[Captioned web image data]
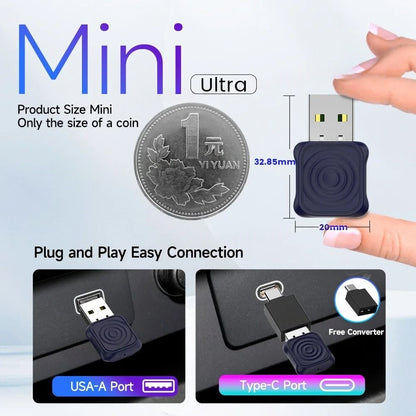 Carlinkit 2in1 Mini Ultra Wireless CarPlay Android Auto Adapter Plug & Play Wired to Wireless Dongle
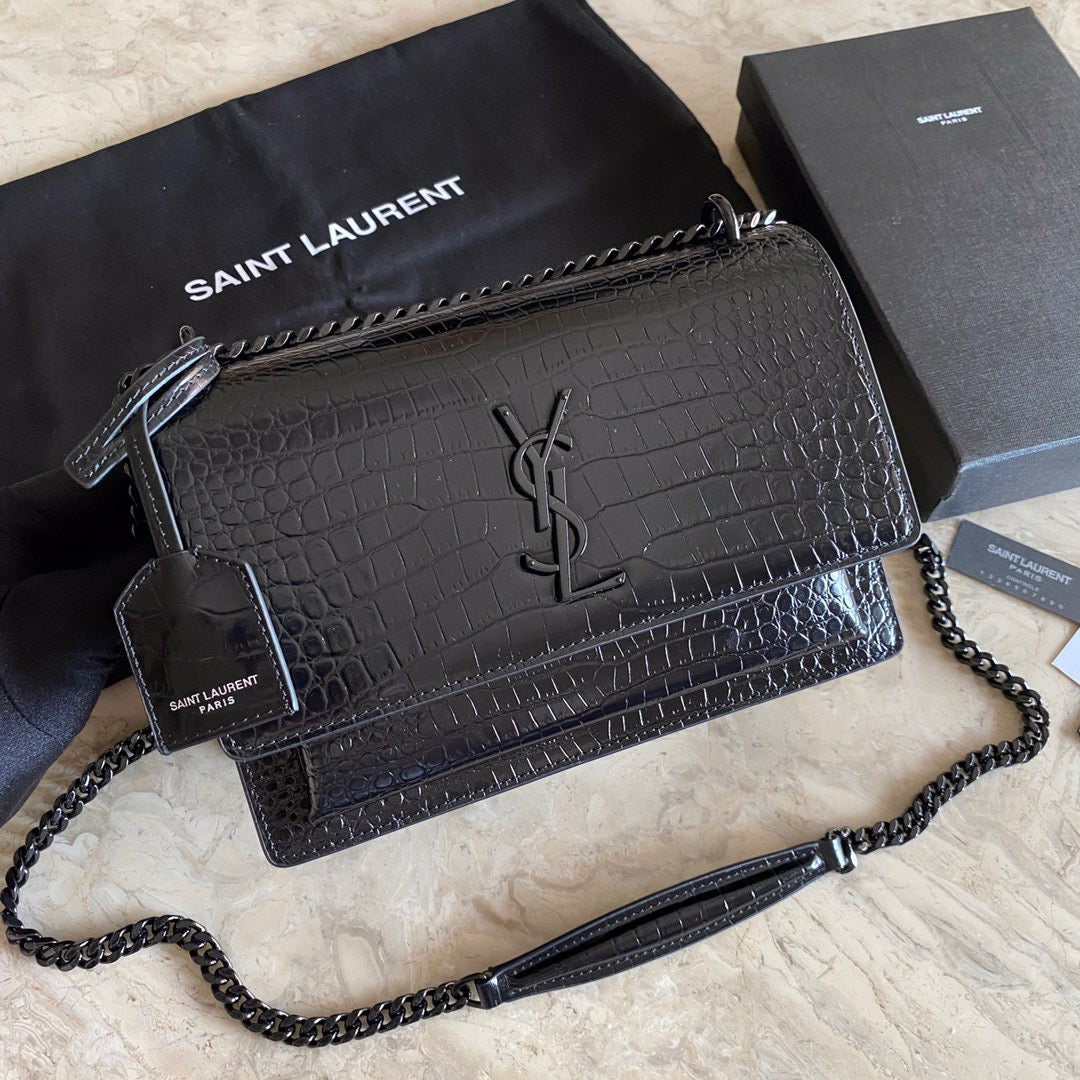 YSSL Sunset Medium Chain Bag Black For Women 8in/22cm YSL 442906DND0U1000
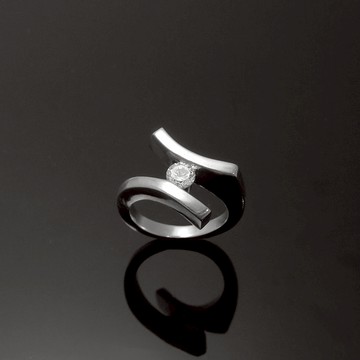 鋯石系列 / 3mm單鑽設計師款鋯石戒 / 925銀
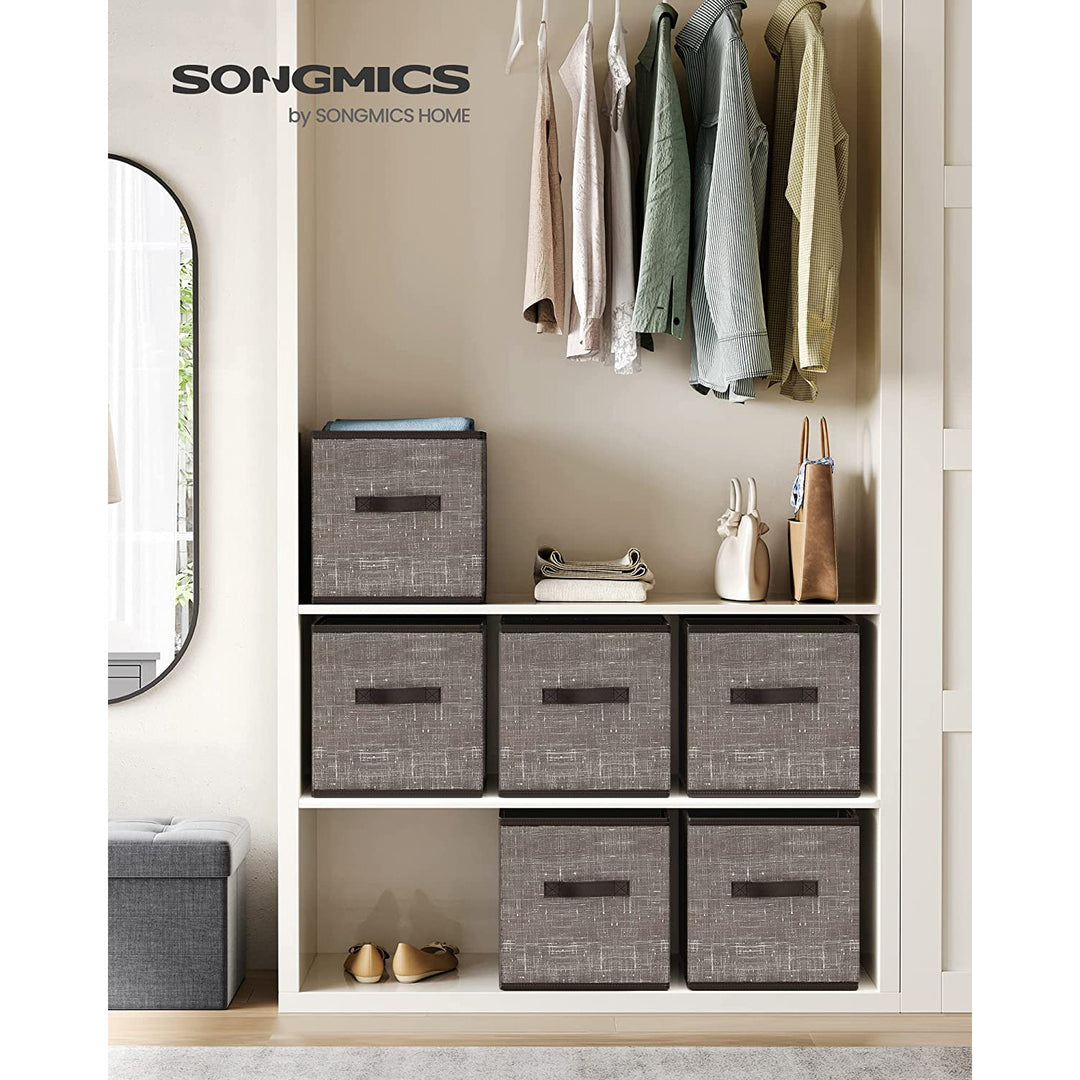 Non-Woven Fabric Storage Cubes with Double Handles Large - Walnut Brown
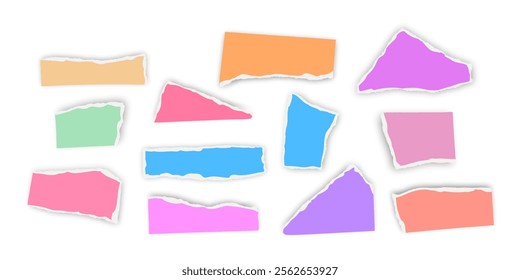 Set of torn paper fragments isolated on background, Vector illustration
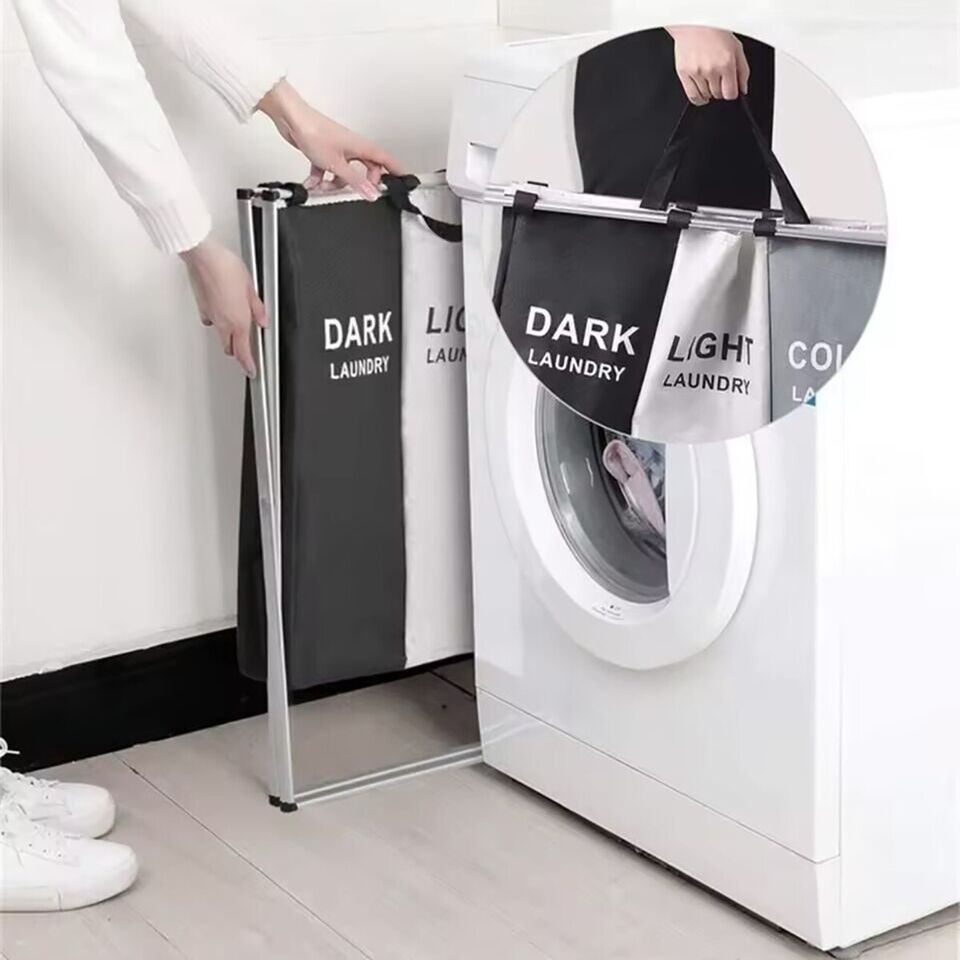 CESTO 3 CONTENITORI PORTA BIANCHERIA PANNI SPORCHI CONTENITORE BAGNO LAVANDERIA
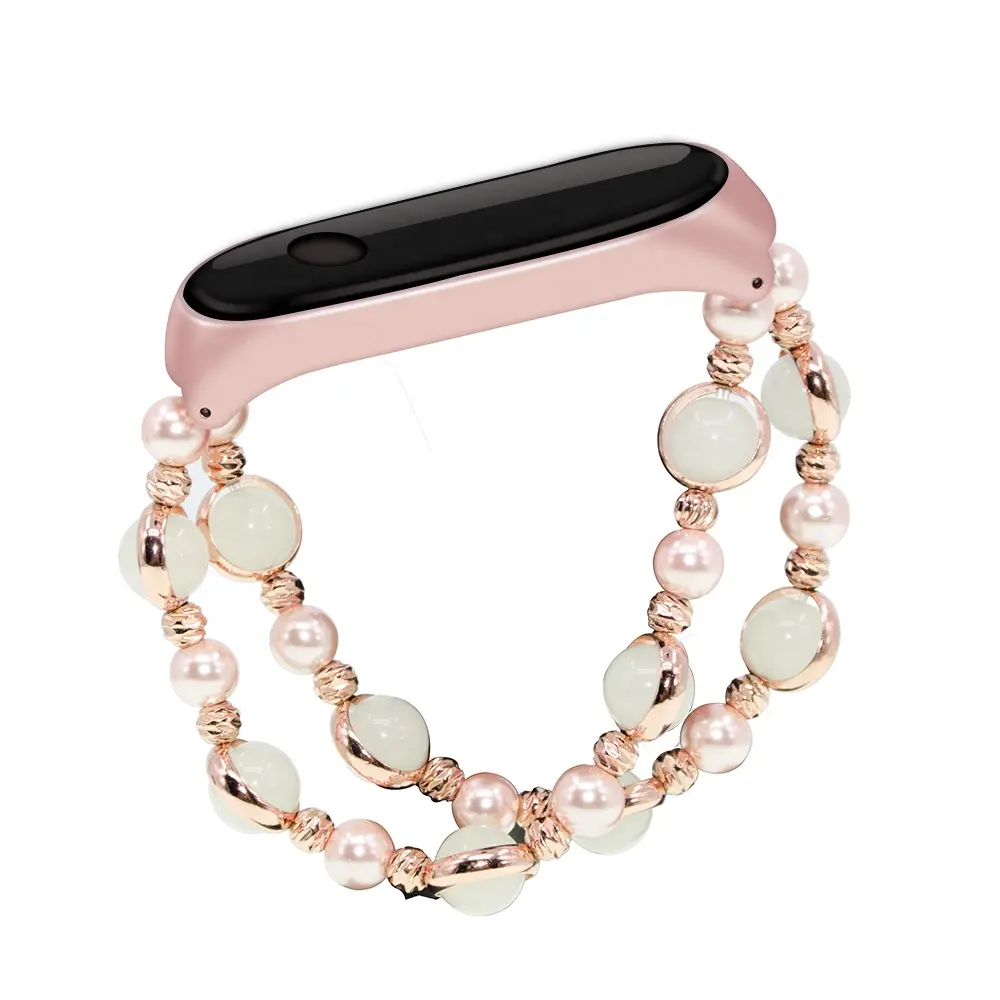 Handmade Luminous Beads Faux Pearl Elastic Stretch Replacement Strap For Xiaomi Mi Band 3 2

WORK TO BE COMPLETED – Without the pictures, transcribe exactly the lines above from the one containing "YSSL Sunset Medium" through the last.

SOLUTION FOR THIS PROBLEM –
 YSSL Sunset Medium Chain Bag Black For Women 8in/22cm YSL 442906DND0U1000
 鋯石系列 / 3mm單鑽設計師款鋯石戒 / 925銀
 Non-Woven Fabric Storage Cubes with Double Handles Large - Walnut Brown
 Set of torn paper fragments isolated on background, Vector illustration
 CESTO 3 CONTENITORI PORTA BIANCHERIA PANNI SPORCHI CONTENITORE BAGNO LAVANDERIA
 Handmade Luminous Beads Faux Pearl Elastic Stretch Replacement Strap For Xiaomi Mi Band 3 2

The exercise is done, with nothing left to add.